Элизабет буквально помешалась на любви — она частенько рисовала себя в объятиях мужчин и сочиняла мечтательные вирши. Сара, как правило, уничтожала эти мрачные произведения, отражавшие отроческие грезы ее дочери, однако позволила кое-кому из писателей взглянуть на менее пессимистичные из творений Элизабет. Одно из них называлось «Мой первый поцелуй». Другое — «Любить тебя».
Любить тебя.
Любить тебя.
Не это ли блаженство,
И когда наши сердца обменяются нежным поцелуем,
Я узнаю, что такое счастье.
Но я буду еще счастливее,
Если ты полюбишь меня,
Если только ты полюбишь меня.
«В то время я много читала, писала маслом, рисовала, — вспоминала впоследствии Элизабет. — Как мне кажется, все это помогало мне убежать от действительности. Я не вылезала из кинотеатров. А еще для меня многое значила езда верхом — с одной стороны, ты один, но рядом с тобой друг, верное тебе животное».

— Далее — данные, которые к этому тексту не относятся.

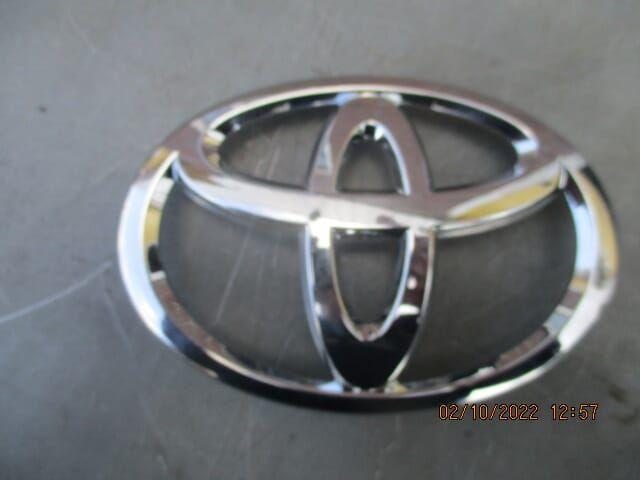 voor grille  embleem van toyota RAV 4, Auto-onderdelen, Carrosserie en Plaatwerk, Toyota, Nieuw, Ophalen of Verzenden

Сара по-прежнему оставалась лучшей подругой дочери и ее постоянной спутницей.
«Мы с Элизабет столь близки, что иногда мне кажется, что мы с ней один человек», — признавалась Сара.
«Я делилась с ней всеми мучившими меня внутренними страхами», — признавалась Элизабет.
Но самым большим ее опасением 1947 года было то, что у нее никогда не будет кавалера. Элизабет совершенно извела себя переживаниями по этому поводу, ее мать тоже была почти на грани паники.
ГЛАВА 3
Кинокартина — это всего лишь красивые фотографии», — любил повторять Луис Б. Майер. Исходя именно из этого, «Метро-Голдвин-Майер» создала свою империю, давая симпатичным женщинам возможность покрасоваться на экране, чтобы затем благодаря им делать миллионные кассовые сборы. Красотки вроде Авы Гарднер и Ланы Тернер кочевали из картины в картину. Такое частое, почти без всякой передышки, появление их на экране привлекало к ним внимание миллионов верных поклонников, которые валом валили на любую ленту с участием объекта их обожания. В 1948 году воротилы «МГМ» подсчитали, что максимальный гонорар кинозвезде — 150 тысяч долларов — сполна окупает себя, принося студии, по меньшей мере, два с половиной миллиона долларов дохода.